**Directions:** Give back every line of the material exactly. Skip the pictures.

**Supplied data:**
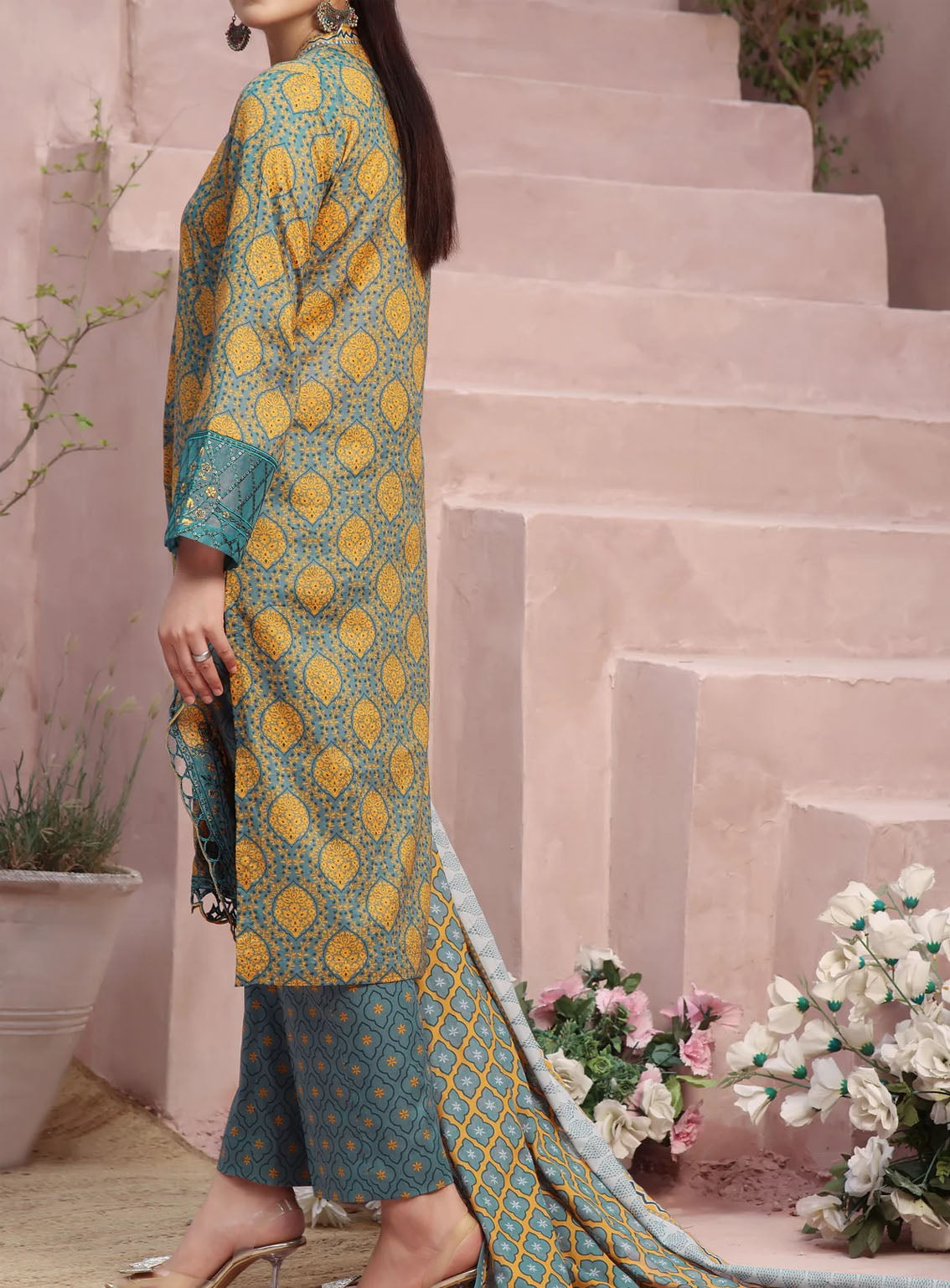 VS Textile Signature Minakari Embroidered Lawn 3 Piece Unstitched Suit VS24SM D-49 VS Textile Signature Minakari Embroidered Lawn 3 Piece Unstitched Suit VS24SM D-49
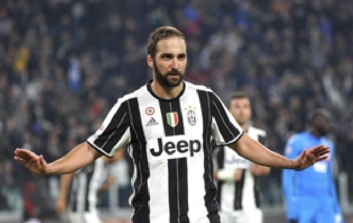 ایگواین بازیکن یوونتوس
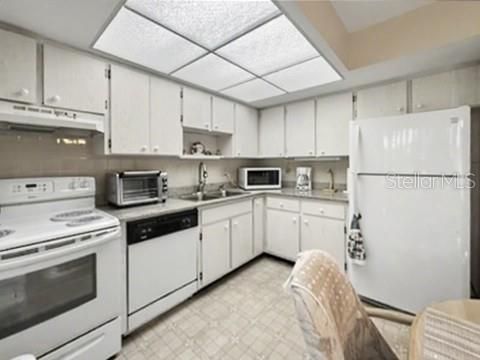 待售: $129,000 (2 贝兹, 2 浴室, 921 平方英尺)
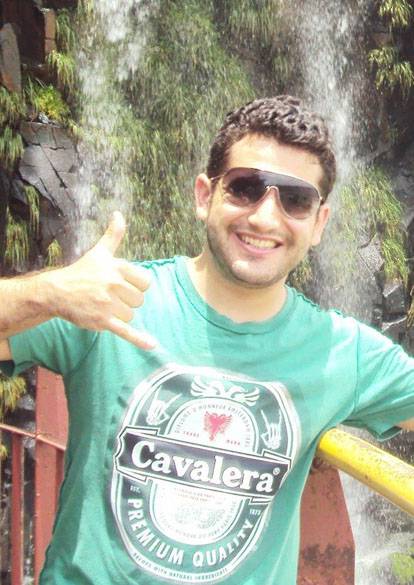 Fernando Pellin: 23 anos, natural de Santo Augusto (RS), trabalhava na Caixa Econ&ocirc;mica Federal, em Sarandi. Retornava das primeiras f&eacute;rias ap&oacute;s a contrata&ccedil;&atilde;o na Caixa. Havia sa&iacute;do com o amigo Miguel May, que tamb&eacute;m morreu no inc&ecirc;ndio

**Task solution:**
 VS Textile Signature Minakari Embroidered Lawn 3 Piece Unstitched Suit VS24SM D-49 VS Textile Signature Minakari Embroidered Lawn 3 Piece Unstitched Suit VS24SM D-49
 ایگواین بازیکن یوونتوس
 待售: $129,000 (2 贝兹, 2 浴室, 921 平方英尺)
 Fernando Pellin: 23 anos, natural de Santo Augusto (RS), trabalhava na Caixa Econ&ocirc;mica Federal, em Sarandi. Retornava das primeiras f&eacute;rias ap&oacute;s a contrata&ccedil;&atilde;o na Caixa. Havia sa&iacute;do com o amigo Miguel May, que tamb&eacute;m morreu no inc&ecirc;ndio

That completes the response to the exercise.